Your instructions: Please write out exactly the line containing "New Bridge Road" below and every line after it, through the last one, but leave out any pictures.

Record excerpts below:

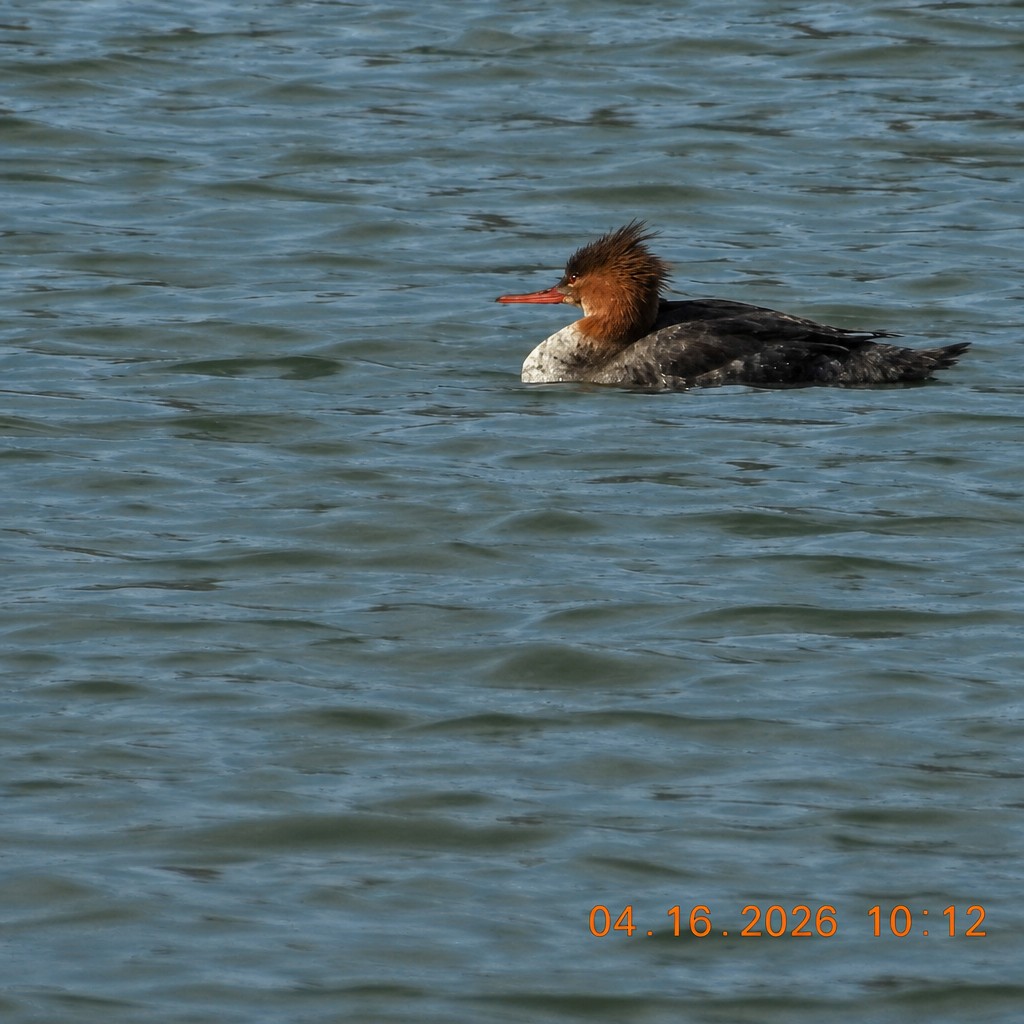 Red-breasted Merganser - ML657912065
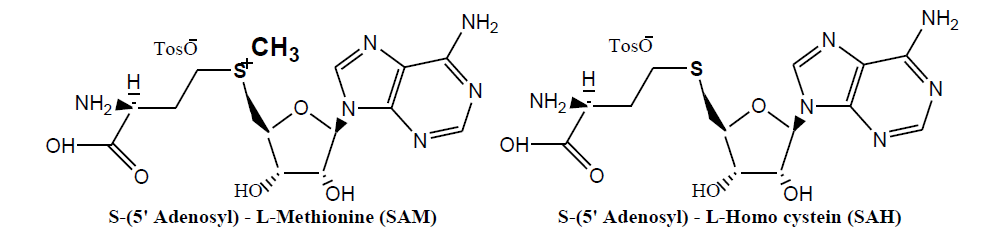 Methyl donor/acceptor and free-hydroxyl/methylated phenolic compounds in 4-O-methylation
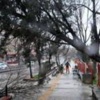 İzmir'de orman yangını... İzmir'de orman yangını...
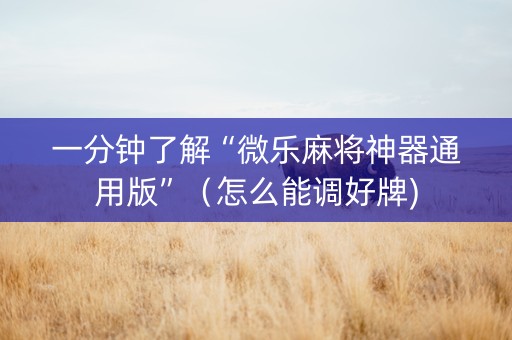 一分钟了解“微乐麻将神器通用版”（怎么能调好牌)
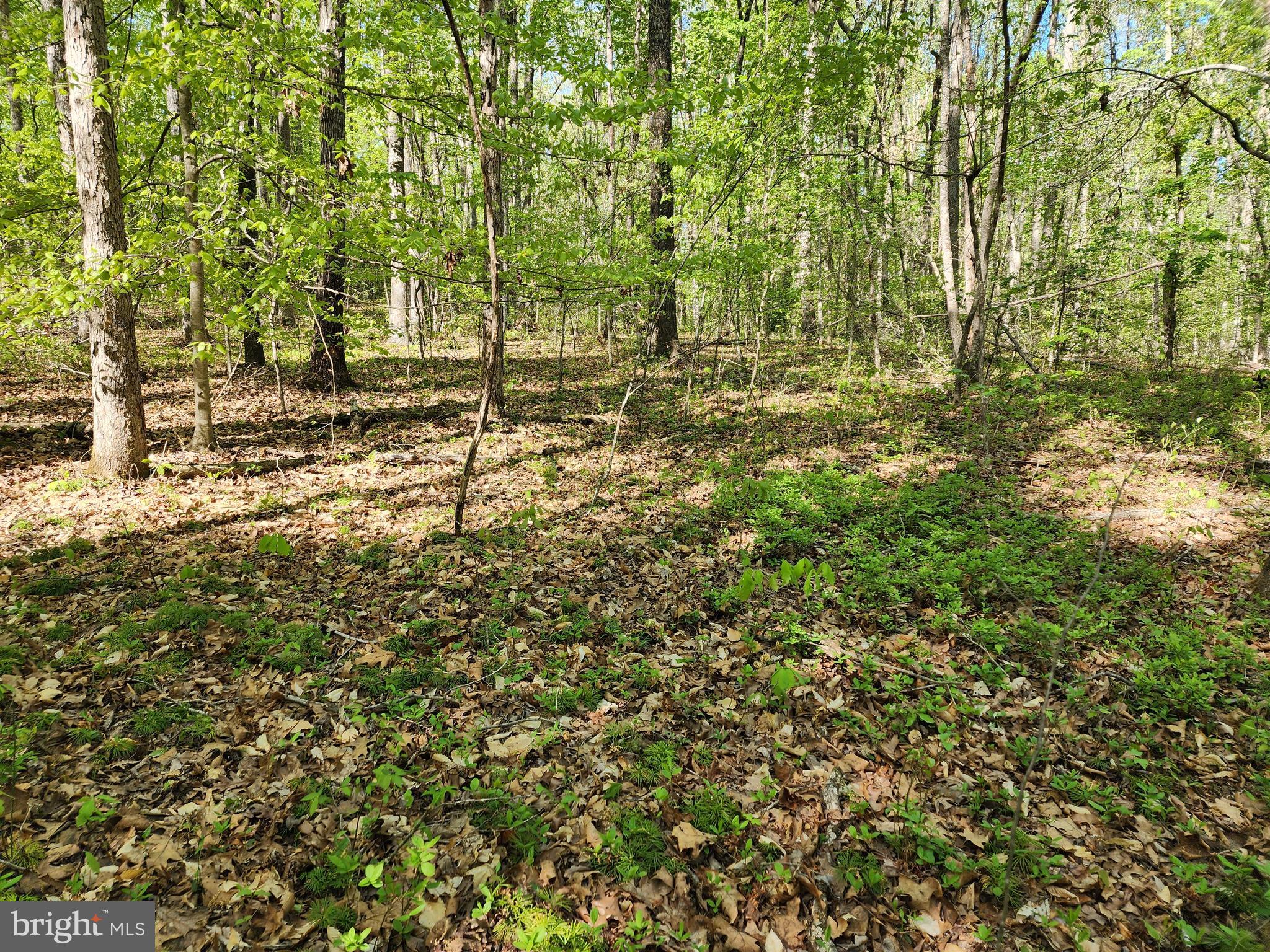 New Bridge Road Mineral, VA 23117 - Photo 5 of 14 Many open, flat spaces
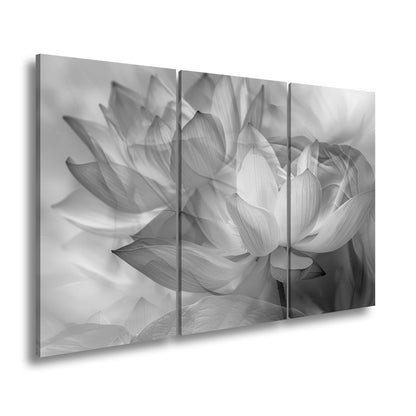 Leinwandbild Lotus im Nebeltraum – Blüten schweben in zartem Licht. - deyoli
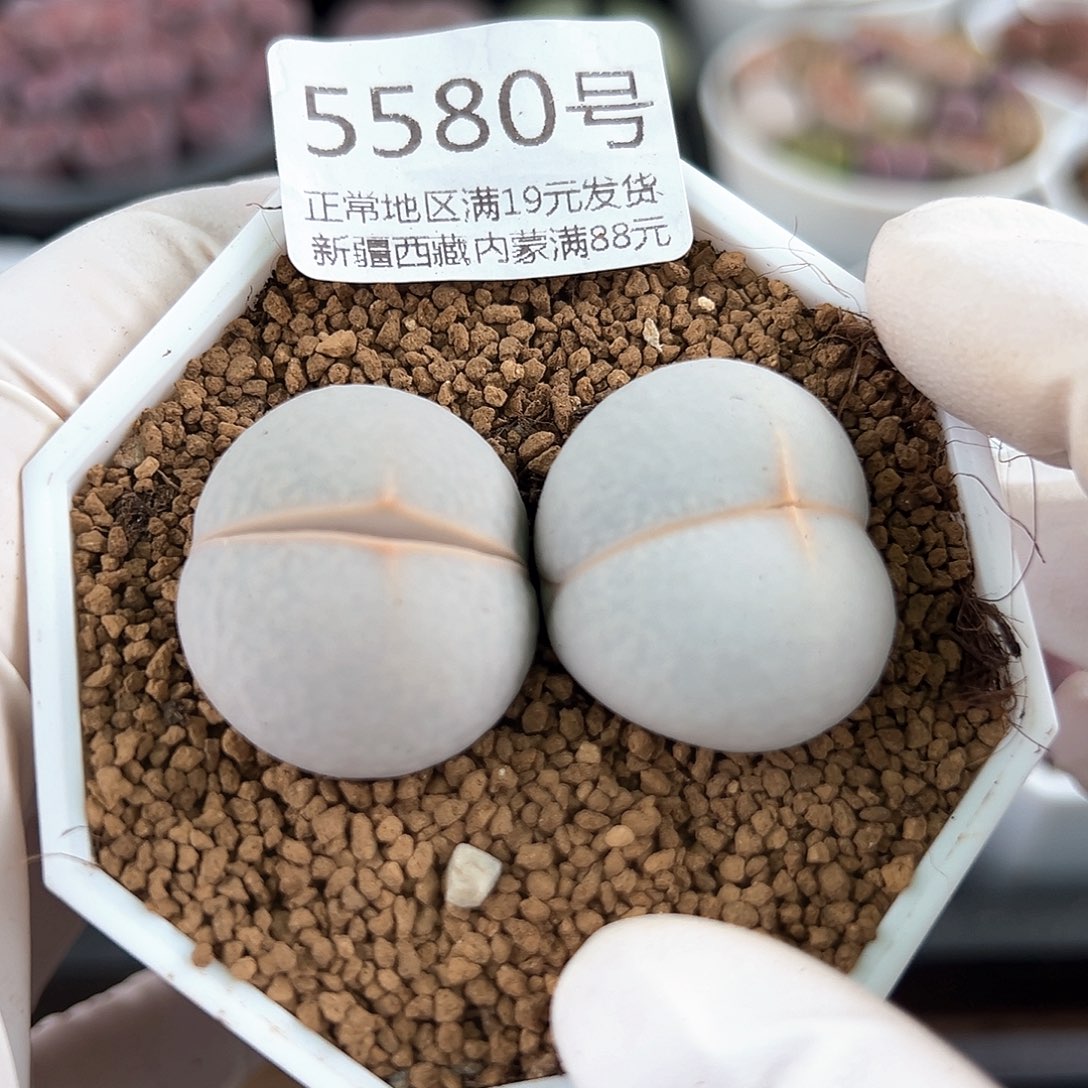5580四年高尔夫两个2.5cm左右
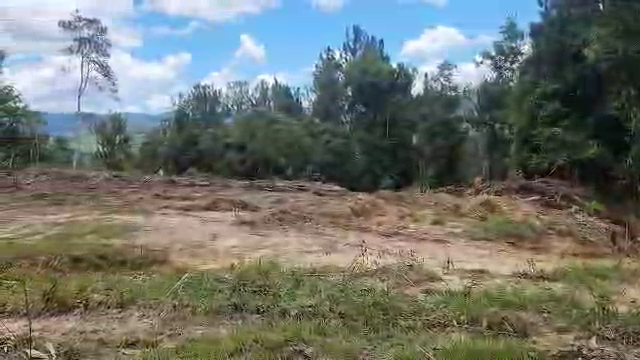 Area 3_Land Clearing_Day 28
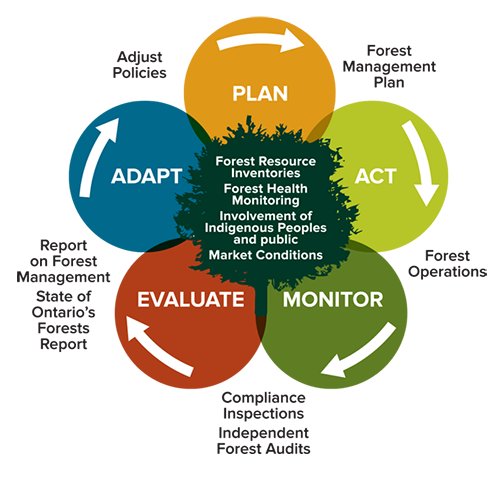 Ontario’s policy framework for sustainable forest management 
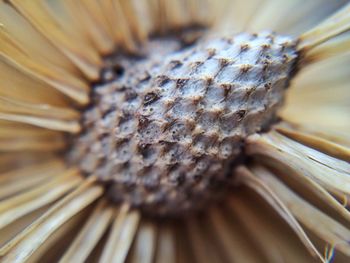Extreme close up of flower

End of Record excerpts.

Result of the task:
 New Bridge Road Mineral, VA 23117 - Photo 5 of 14 Many open, flat spaces
 Leinwandbild Lotus im Nebeltraum – Blüten schweben in zartem Licht. - deyoli
5580四年高尔夫两个2.5cm左右
 Area 3_Land Clearing_Day 28
 Ontario’s policy framework for sustainable forest management 
Extreme close up of flower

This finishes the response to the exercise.